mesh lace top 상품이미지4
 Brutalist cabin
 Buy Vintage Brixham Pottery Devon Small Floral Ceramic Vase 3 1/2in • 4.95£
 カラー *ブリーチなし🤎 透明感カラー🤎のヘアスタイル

**Prompt**
Output the entire listing exactly as it appears above.

**Written solution**
mesh lace top 상품이미지4
 Brutalist cabin
 Buy Vintage Brixham Pottery Devon Small Floral Ceramic Vase 3 1/2in • 4.95£
 カラー *ブリーチなし🤎 透明感カラー🤎のヘアスタイル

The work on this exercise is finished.